A gold-rush cottage made in …Singapore

A gold-rush cottage made in …Singapore

13 August 2024

Down Coventry Place, one of those narrow South Melbourne side streets, is this highly significant cottage – it was prefabricated in Singapore ! It’s one of about 150 sent out here during the gold rush, this one about 1853, now one of only 4 left, and the only one on its original site (two of the others have been re-erected in Collingwood). Having been rendered, with modern windows, it was almost demolished in 2001, but someone with an eagle eye spotted it’s unusual construction, and it was added to the heritage register, and the owners had to build around it instead, hopefully they didn’t mind. What we see now is largely reproduction, since the external boards and the base of the framing was pretty decayed, so now it looks like it must have looked when it was new. The restoration work was by @rbaarchitects, who have some great progress shots Ive borrowed. Nobody knows who exactly created them in Singapore, might have been a British entrepreneur or a Chinese one, and the importer here may have been Chinese, but the timbers are Malay hardwoods, and the framing techniques, with expressed posts and ‘king post’ roof trusses, are also Malay (B&W pic). I’d also add the very wide eaves seem rather tropical. South Melbourne had the most prefab houses because it was outside the Building Act which mandated fire separating walls, so you could plonk them closer together. Many/most of them were in framed with corrugated iron walls from British foundaries, three of which are now the Portable Houses Museum nearby.

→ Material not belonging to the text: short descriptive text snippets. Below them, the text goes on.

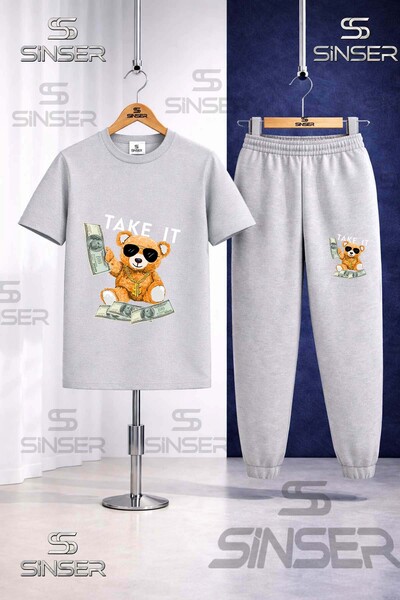 SS SİNSER Παιδικό Σετ Φόρμας με Στάμπα AYICIK TAKE IT BYZ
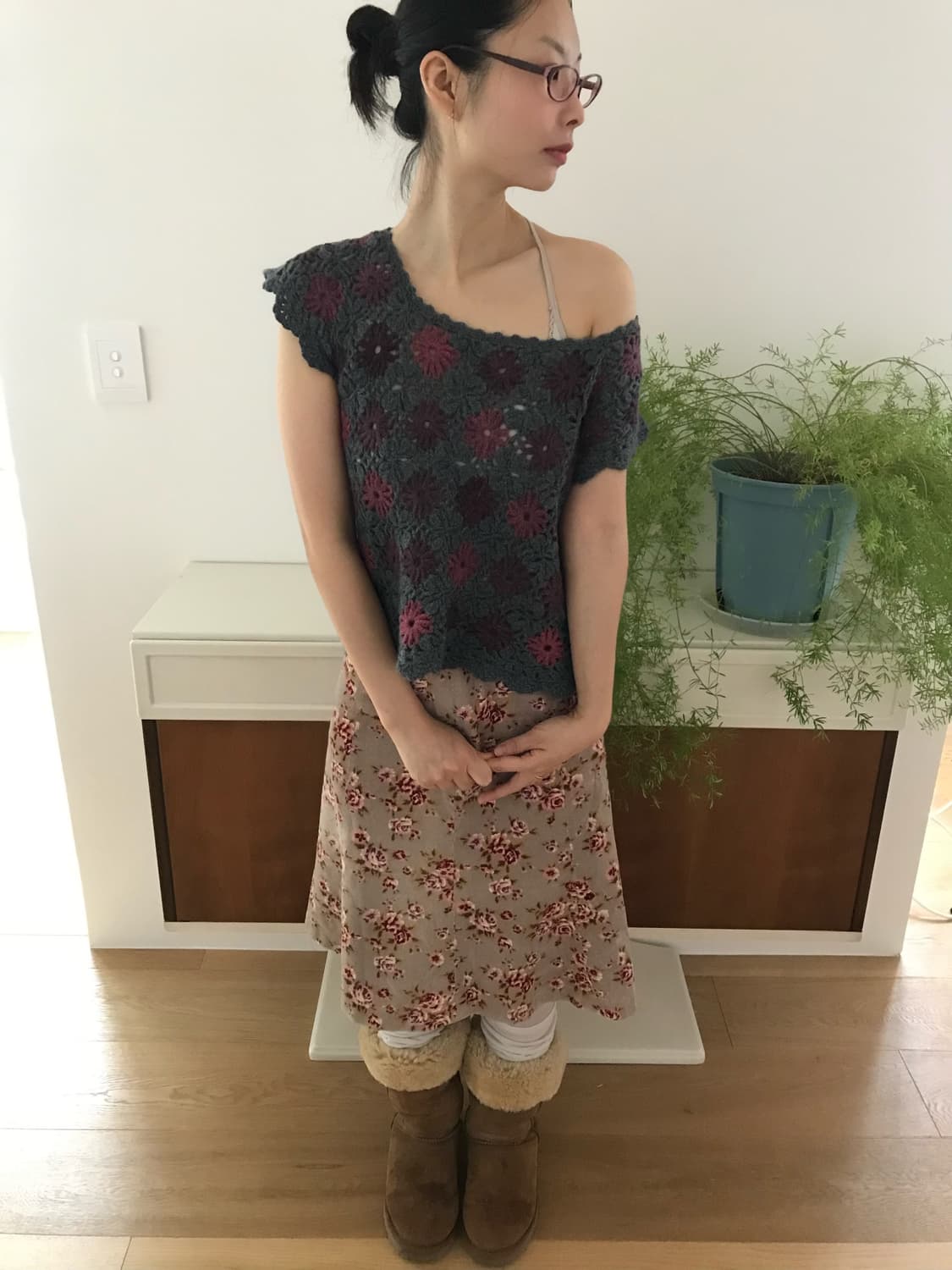 vintage crochet pattern knit 상품이미지1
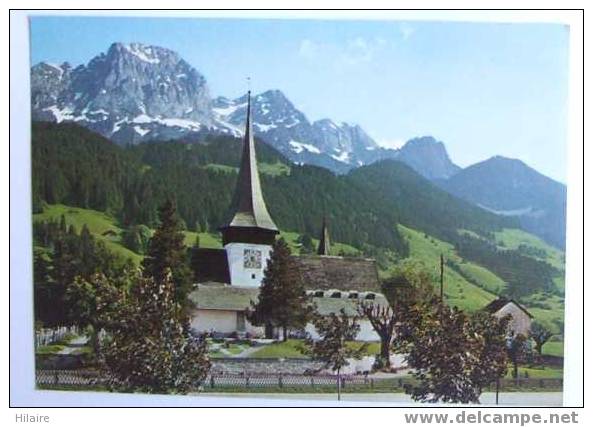 Cpsm SUISSE ROUGEMONT Eglise Et Rubli - Rougemont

Discovered I have photos of some of the other remaining Singapore Cottages in Sackville Street Collingwood from 2013; theyre all gold rush era imports from the early 1850s, but these have all been relocated from their original sites, and had been variously altered, so their history is complicated. They ended up here because architect Andrew Muir had this bit of land, and rescued his first cottage from Mentone when it was about to be demolished in 1984 (it had been moved there in 1899 from somewhere else in Collingwood). He put that one up facing Sackville Street, then in 1995 rescued a more intact one from St Kilda, which replaced the first one in 2002, so that’s the one you see now (the first one is stored in bits). It’s just like the South Melbourne one, with 4 rooms and a short corridor, wide eaves, heavy timber truss roof framing and original markings including a Chinese character, and letters and numbers (it’s known as N4). I think he might have put the windows in the sort sides rather than the long sides though. The little three roomed one behind (pic 7) is made out of parts of 4 outhouses rescued in the 80s-90s from behind some (also) prefabricated iron houses in Brunswick Road, which he put together as one in 2004. And theres a third one facing Easy Street (last pic, streetview), also just like the South Melbourne one, which was rescued from Windsor in 1993, and rebuilt here in 2017 (but using bits from yet another one found in South Yarra). Clearly a long labour of love ! They’re all part of an application to the World Heritage List of all the ~100 remaining gold-rush era prefabricated buildings in Australia, led by academic Miles Lewis, who you can see in the 2nd last pic (from the age) with Muir and Barry Jones inside the smaller cottage when the bid was launched in 2021.